My human, the former decisive manager pulls on my strings. She will pressure me to do things that aren’t who I want to be. She is quick too, and this is the very thing that made her reject the corporate life. And yet, she still pressures me. She can move in on me so quickly, I can’t really stop her when she’s made up her mind. Then geez, she’s created a situation that I either must repair or just live with.

I’m tempted to go deeper and deeper into the forest, and just live here as long as I can.

I know a woman, a nice woman who is in love with a guy. She’s known this guy for over two years and she has told me she’s in love with him and he’s in love with her. And yet, again and again she comes to me with her distress. She doesn’t care what I’m doing, she just comes to me and rants about how she’s had it with him. The words vary, but the idea is the same, he did something inconsiderate or he went somewhere without telling her or … well, it goes on. And then there’s a showdown planned when he returns in the next day. And then there’s the show down and everything is glorious until a week or ten days later, and it all repeats again.
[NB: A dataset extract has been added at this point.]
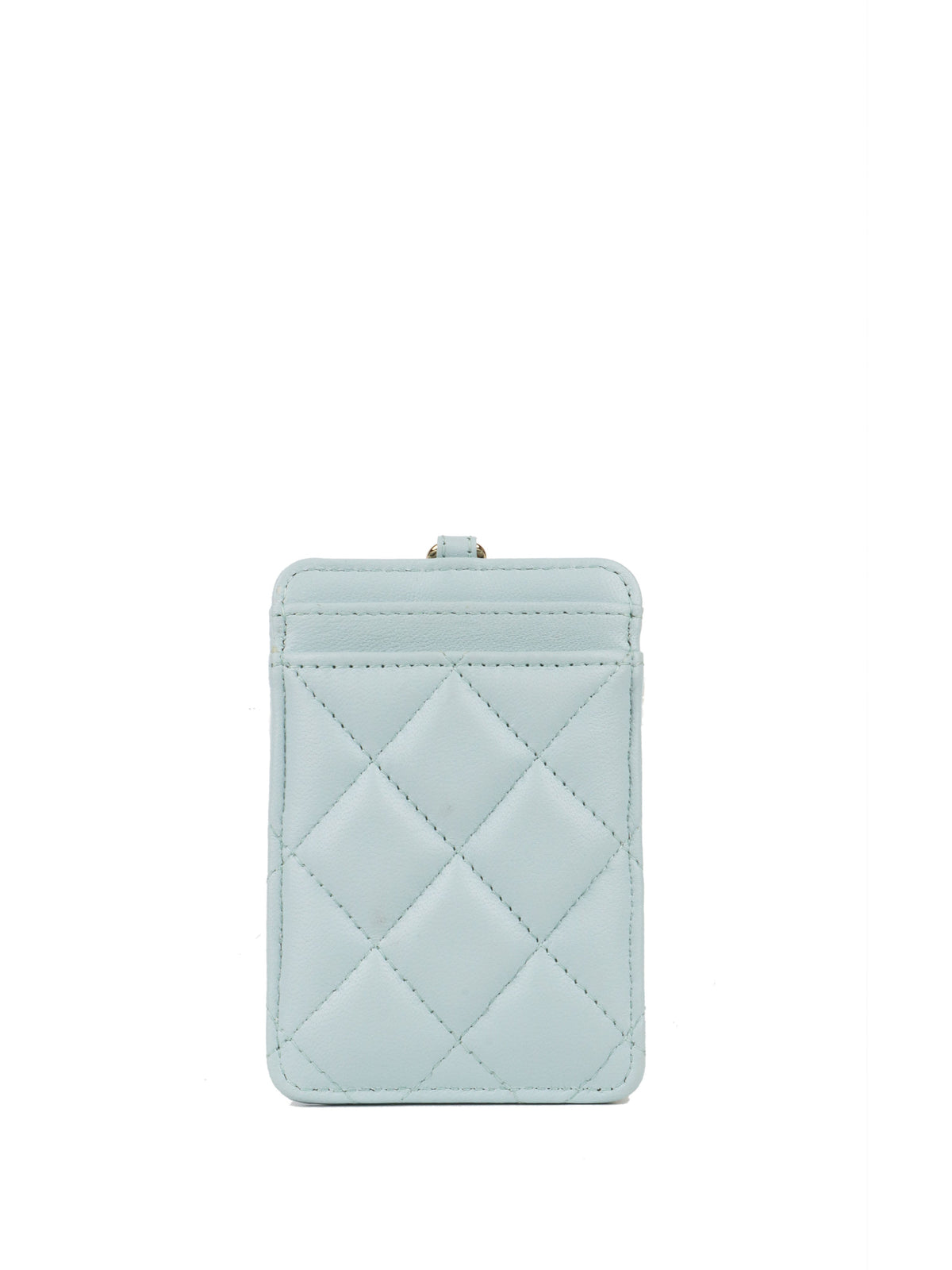 Chanel Pastel Blue Card Holder on Bow Chain LGHW *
So many heavy thoughts. And there are so many of us here in Second Life with real life health problems or financial problems. And so many of us are lonely. I can’t even count the number. I head east for awhile.
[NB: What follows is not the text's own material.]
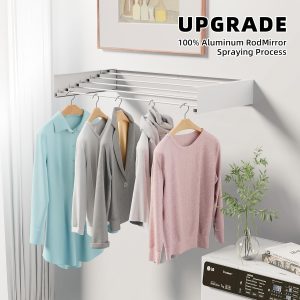 Wall-Mounted Collapsible Clothes Drying Rack, 31.5 in - Image 4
As I climb up a bluff overlooking the ocean, I see civilization.  I can turn back and head west or I can return to all the “gnawing anxieties and screaming memes.”

Like the poem, I will always keep my promises. But I’m not the same kind of person I was two weeks ago. I’ve come to recognize that I don’t know people as well as I believed I did. I realize now, I must leave all those heavy thoughts right here in this forest and move on.
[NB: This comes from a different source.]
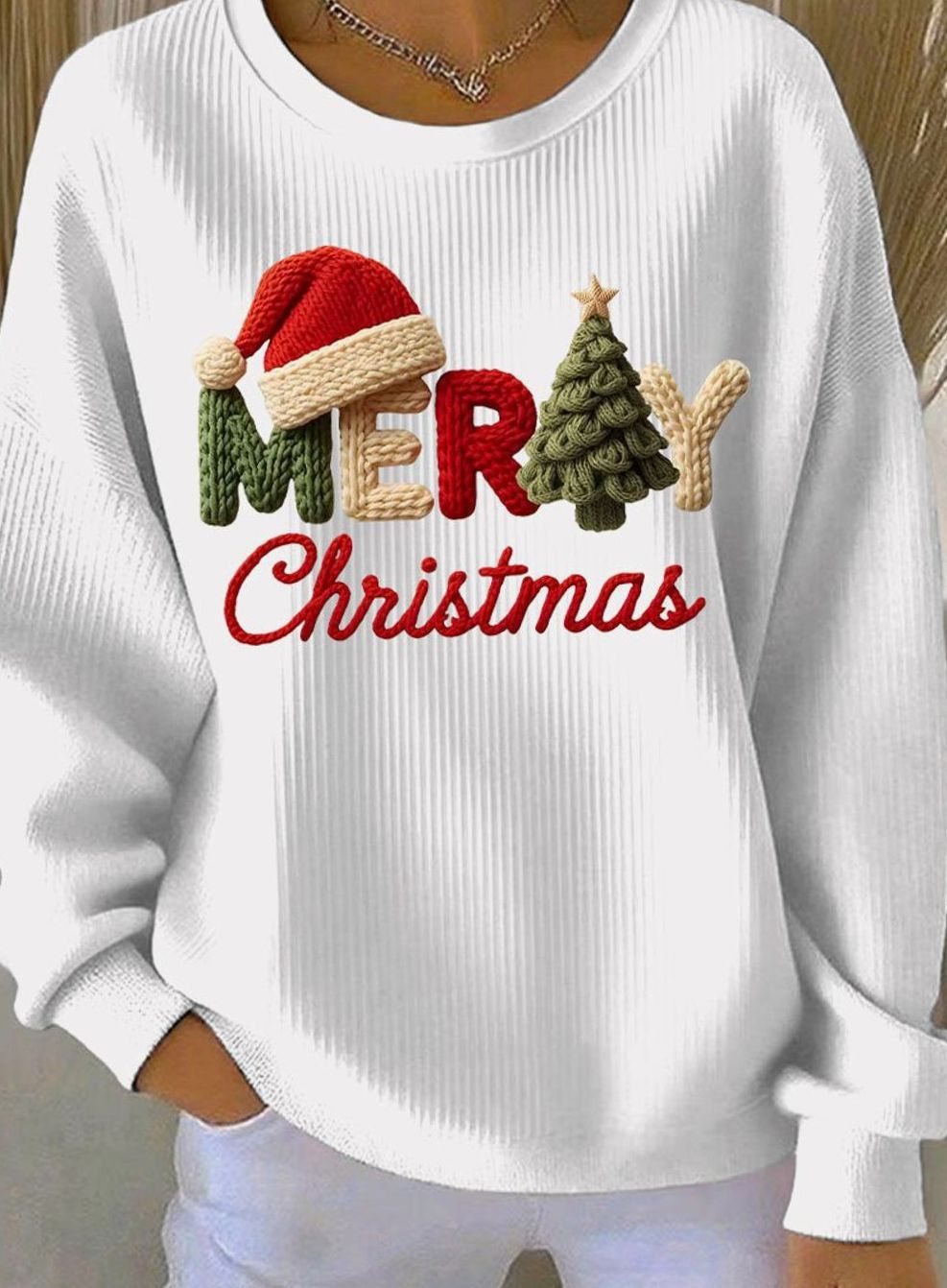 Women's Merry Christmas Graphic Crewneck Sweatshirt - White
The woods are lovely, dark, and deep,
But I have promises to keep,
And miles to go before I sleep,
And miles to go before I sleep. — Robert Frost, US poet (1874 – 1963)

About Yordie

I'm a blogger and photographer on WordPress. I'm active on Twitter. I'm a U.S. Air Force veteran. I'm a gamer in Fallout series, Skyrim, and other games, including an avatar in Second Life. I wrote the sci-fi novel, The Temporal Expeditions.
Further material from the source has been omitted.